Unit 4, Lesson 9
Trigonometry Squared
Geometry
Practice
Problem 1
The cosine of an acute angle \(\theta\) is \(\frac{\sqrt{11}}{5}\). What is \(\sin(\theta)\)?
Problem 2
Select all statements that are true for all acute angles $\theta$.

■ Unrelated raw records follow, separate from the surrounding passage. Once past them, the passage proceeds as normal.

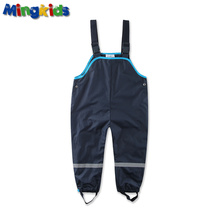 Mingkids boy waterproof overalls cotton padded trousers outdoor pants German quality windproof pants rain 104-128 European size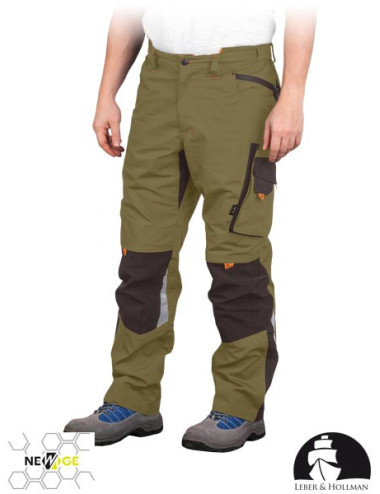 Schutzbundhose links-na-t khbrp khaki-braun-orange Leber&amp;hollman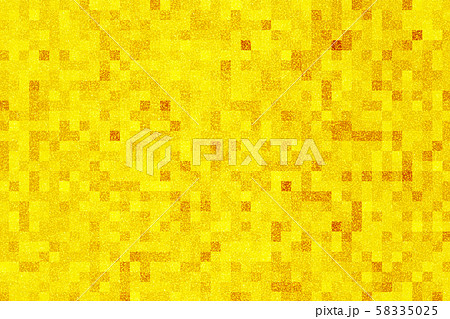 四角い模様が入ったキラキラと輝く金色の背景素材のイラスト のイラスト素材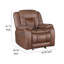 Fauteuil inclinable Olaf, similicuir moelleux-109470277-109470279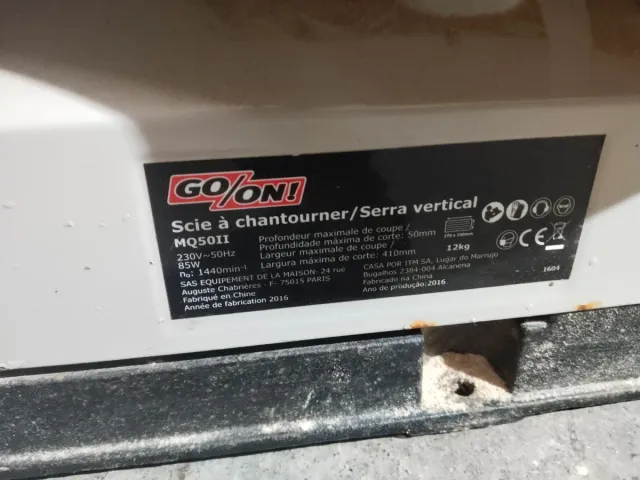 Sierra de calar de mesa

- $\sin(90-\theta)=\cos(\theta)$
- $\cos(\theta)+\sin(\theta)=1$
- $\cos(90-\theta)=\sin(\theta)$
- $\cos^2(\theta)=1-\sin^2(\theta)$
- $\cos^2(\theta)+\sin^2(\theta)=1$
Problem 3
Han is trying to prove that $\tan^2(\theta)+1=\dfrac{1}{\cos^2(\theta)}$ for any acute angle $\theta$. He notes that if the side adjacent to angle $\theta$ has length $a$, the side opposite angle $\theta$ has length $o$, and the hypotenuse of the triangle has length $h$, then $\tan(\theta)$ is $\frac{o}{a}$ and $\tan^2(\theta)$ is $\frac{o^2}{a^2}$. He says that means $\tan^2(\theta)+1$ is $\frac{o^2}{a^2}+\frac{a^2}{a^2}$. He claims that expression is equivalent to $\frac{h^2}{a^2}$. Do you agree with his claim? Justify your response.